As you can see, this function returns a string allocated (using trackmem library) with the string selected. In the current example, it is simple since it does not use any other information. You can dive into the file and see other examples which use settings or segment information.

  • 3. Add the new wildcard to the dictionary

At the beginning of XXX file you will find this structure definition:

You can add your new wildcard just by adding the name of the wildcard (the string which will be used to call it) and the name of the function to be used.

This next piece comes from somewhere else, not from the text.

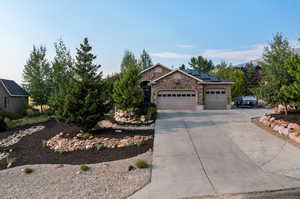 View of front of home with solar panels and a garage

  • 4. Improve documentation

Remember to add the information to the new wildcard in the used documentation. Edit the file doc/overview/src/en/appc.dbk and add to the list of the available wildcards the explanation on the new one.

2.3.2. Extensions

GRASP code can be extended by using a kind of "plug-in", however the operation should be done during the compilation time. GRASP is a high optimized software without losses due to extensions, since the user can choose which extensions to install. In a production environment, the less extensions installed is better, since they will take memory even if they are not used.

Many types of extensions can be developed and they are organized as input or output depending of their target. The following sections will explain each type of extension, its goal and ways to implement them. Manual implementation is not recommended since the grasp-manager script provides easy commands to create the initial scaffold, but at the same time, the knowledge of all the details will help developers to understand how to create an extension.

If you want to create initial code for an extension you can use the grasp-manager with the following command:

./grasp-manager.sh create-extension [extension-type] [extension-name] [extension-url]

2.3.2.1. Input

Input extensions extend input functionalities of the GRASP code. They can be drivers or transformers. A driver is a method to read directly raw data and inject it in the GRASP core without using intermediate files. The whole process is performed in the memory and it is crucial in satellite data processing due to huge databases. Input transformers allow to modify input data after being read. It is a way to share between different drivers a data preprocesing. For example, a transformer can modify initial guess for each pixel or read a climatology database.

These extensions work in the sdata structure, setting the information there. You can see the SDATA structure from the user point of view in the user documentation: The SDATA format. To set data into that structure, grasp_input_segment.h library should be used. The following scheme represents sdata structure:

sdata.png
Sensor input data structure

2.3.1.1.1. Drivers

A driver is a method for reading custom data and inject it directly in GRASP retrieval algorithm without any intermediate file. The general scheme for developing it is to start developing a read data library implemented in any language and then bind it with C passing the data to a fix structure called SDATA. This methodology allows to implement drivers in any language and then bind with the Framework code. The drivers are placed in src/input/drivers/{DRIVER_NAME} and are compiled automatically by the frameworks makefiles. Drivers are an optimal way to introduce data in the retrieval algorithm, but they are also a good way to organize your script to prepare raw data and reuse the code.

How to develop a driver

  • 1. Prepare the framework

You need to create a folder in src/input/drivers/{DRIVER_NAME}

  • 2. Write a read library

Place in the driver folder your library to read your data. Your library can use a Makefile explicity and the default rule will be called by the framework compiler. You need to create a file named object_list and add all the object files that your library need to work with. This object files will be added at the grasp_input library. The object_list file must contain a new line at the end. If your reader library is written in C and can be compile with default rules, you don't need to create a Makefile - the object list will be enough.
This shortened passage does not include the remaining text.